Exercise goal
From the listing below, reproduce word for word the part that opens with the line containing "Gillette Sensor 2" and closes with the line containing "Roses inlaid with"; reproduce nothing else.

Data extract
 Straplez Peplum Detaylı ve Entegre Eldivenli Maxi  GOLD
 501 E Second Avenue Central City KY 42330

* * *

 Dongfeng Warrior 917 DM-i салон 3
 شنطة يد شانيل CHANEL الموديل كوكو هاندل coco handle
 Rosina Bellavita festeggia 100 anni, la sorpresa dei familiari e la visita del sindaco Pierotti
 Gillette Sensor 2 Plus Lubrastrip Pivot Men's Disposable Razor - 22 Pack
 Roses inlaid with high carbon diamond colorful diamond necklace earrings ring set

--

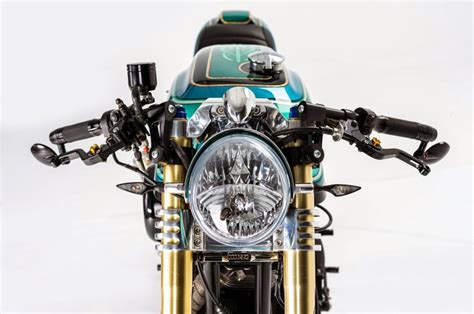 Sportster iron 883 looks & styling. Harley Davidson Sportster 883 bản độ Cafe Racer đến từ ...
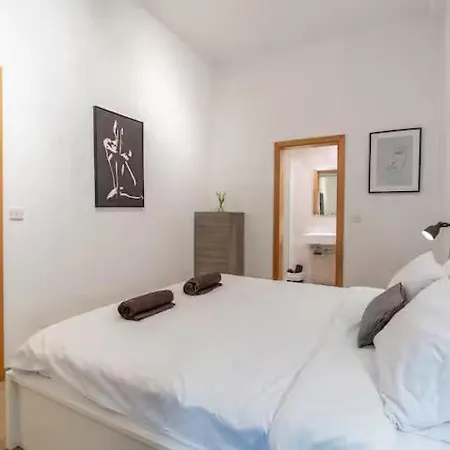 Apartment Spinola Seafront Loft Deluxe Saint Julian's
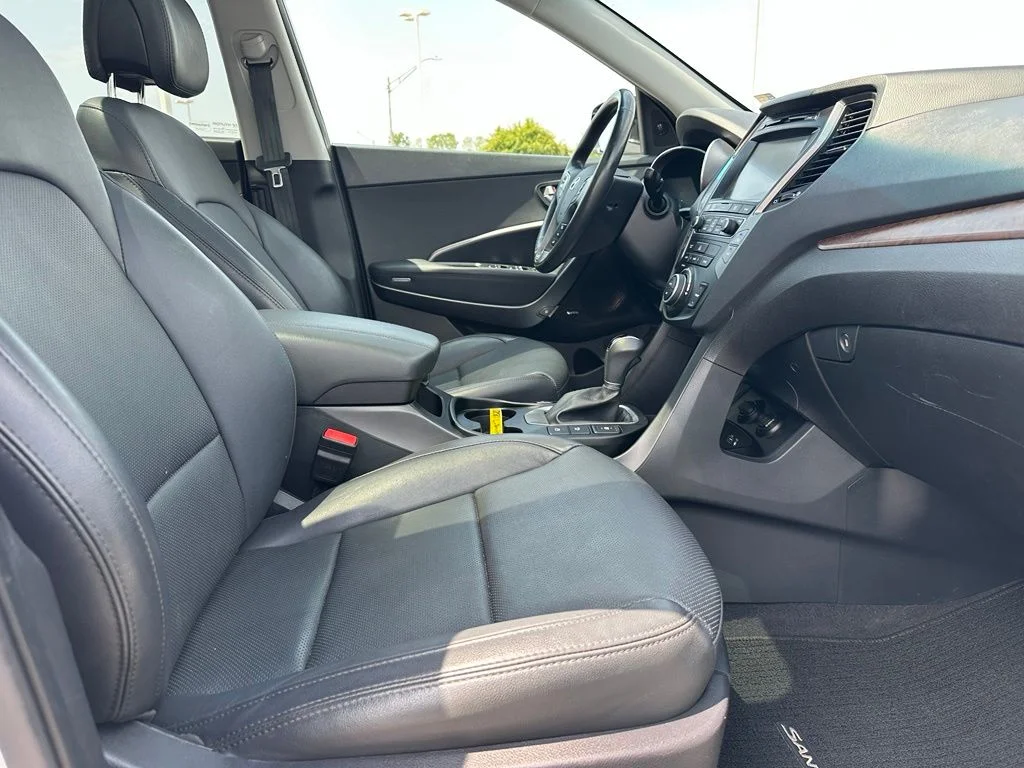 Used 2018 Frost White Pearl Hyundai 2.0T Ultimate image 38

Expected output
 Gillette Sensor 2 Plus Lubrastrip Pivot Men's Disposable Razor - 22 Pack
 Roses inlaid with high carbon diamond colorful diamond necklace earrings ring set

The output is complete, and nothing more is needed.